The importance of furniture
Underneath many seats are printed the marks HC (for Hampton Court) or WP (for Whitehall Palace) – the great Tudor powerhouse that burned down in 1698 and of which the Knole collections contain the last survivors.
Furniture, mostly now mass produced, has lost its intense association with wealth and status. The furniture at Knole would be among the most expensive status objects of their time, the result of thousands of artisan hours, the finest woods, the most expensive fabrics, drawn from across the known world.

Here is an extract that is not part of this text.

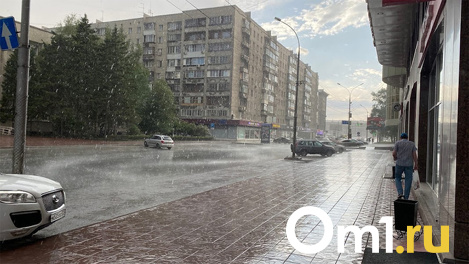 Шквалистый ветер в 25 метров в секунду ожидается в Новосибирске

Not only the price, but the significance of furniture has also diminished over the centuries, and we now struggle to understand the reverence that a chair might have commanded or its association with rank and privilege. Although the legacy of the importance is to be found in the title Chair – as in Chair of the Board.
The X-frame chairs
Among the most important pieces and sets of furniture at Knole are the X-framed armchairs, fashioned on folding Roman military chairs taken on campaign. Placed beneath a canopy and accompanied by stools and footstools, these chairs were know as Chairs of State and were used as thrones. From here the king of the day would give audience.
The Knole settee
Built after 1660, the original Knole settee (which launched a thousand imitations across the world) is covered in its original red velvet. This, too, would have been used almost like a chair of state. It is possible that a post-restoration queen would have received guests on the settee, sitting beneath a canopy in a state dressing-room, beyond her bed chamber in the palace. The Knole settee is on display in the Leicester Gallery, currently kept behind glass to preserve it in environmentally stable conditions.